----- Provided material -----

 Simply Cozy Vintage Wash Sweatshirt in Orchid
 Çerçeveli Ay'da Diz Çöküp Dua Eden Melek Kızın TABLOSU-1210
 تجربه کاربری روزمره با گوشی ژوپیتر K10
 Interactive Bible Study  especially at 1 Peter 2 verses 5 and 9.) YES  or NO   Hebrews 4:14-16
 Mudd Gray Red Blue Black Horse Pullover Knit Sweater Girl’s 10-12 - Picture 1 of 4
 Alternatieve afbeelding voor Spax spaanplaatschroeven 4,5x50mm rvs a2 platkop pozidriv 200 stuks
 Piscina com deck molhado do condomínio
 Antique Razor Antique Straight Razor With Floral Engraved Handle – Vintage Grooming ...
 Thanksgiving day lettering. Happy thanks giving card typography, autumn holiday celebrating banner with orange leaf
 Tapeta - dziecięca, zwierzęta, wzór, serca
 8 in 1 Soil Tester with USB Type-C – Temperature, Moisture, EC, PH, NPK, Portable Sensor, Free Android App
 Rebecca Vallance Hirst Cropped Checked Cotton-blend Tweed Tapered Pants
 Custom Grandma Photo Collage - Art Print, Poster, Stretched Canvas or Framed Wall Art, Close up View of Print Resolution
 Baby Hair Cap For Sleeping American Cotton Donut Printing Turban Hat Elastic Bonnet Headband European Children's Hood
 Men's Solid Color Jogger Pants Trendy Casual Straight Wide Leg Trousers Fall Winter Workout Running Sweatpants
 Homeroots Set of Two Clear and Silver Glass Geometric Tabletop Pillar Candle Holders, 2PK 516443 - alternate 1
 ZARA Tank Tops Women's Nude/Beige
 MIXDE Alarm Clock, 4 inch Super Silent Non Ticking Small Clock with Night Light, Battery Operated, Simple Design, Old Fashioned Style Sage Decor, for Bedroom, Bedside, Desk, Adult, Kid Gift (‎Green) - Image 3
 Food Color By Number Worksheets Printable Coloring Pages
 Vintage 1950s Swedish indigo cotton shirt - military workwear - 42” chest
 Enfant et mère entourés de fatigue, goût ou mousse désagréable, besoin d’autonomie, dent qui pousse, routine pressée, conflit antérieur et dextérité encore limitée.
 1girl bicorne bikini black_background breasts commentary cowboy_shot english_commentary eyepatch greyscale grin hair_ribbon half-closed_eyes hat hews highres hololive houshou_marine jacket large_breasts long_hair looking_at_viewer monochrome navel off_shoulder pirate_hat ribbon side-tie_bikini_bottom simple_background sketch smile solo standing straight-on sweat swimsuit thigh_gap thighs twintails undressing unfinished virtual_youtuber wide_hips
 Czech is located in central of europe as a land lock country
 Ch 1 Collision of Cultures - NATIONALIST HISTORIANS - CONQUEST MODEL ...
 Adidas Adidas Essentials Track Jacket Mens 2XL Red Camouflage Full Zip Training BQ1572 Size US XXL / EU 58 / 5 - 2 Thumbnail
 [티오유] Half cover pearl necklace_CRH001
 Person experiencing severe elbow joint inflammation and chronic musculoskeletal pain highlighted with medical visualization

-----

What is required: Tally the lines of the material in which the string "Vintage" occurs, and present only that tally.

Exercise response: 3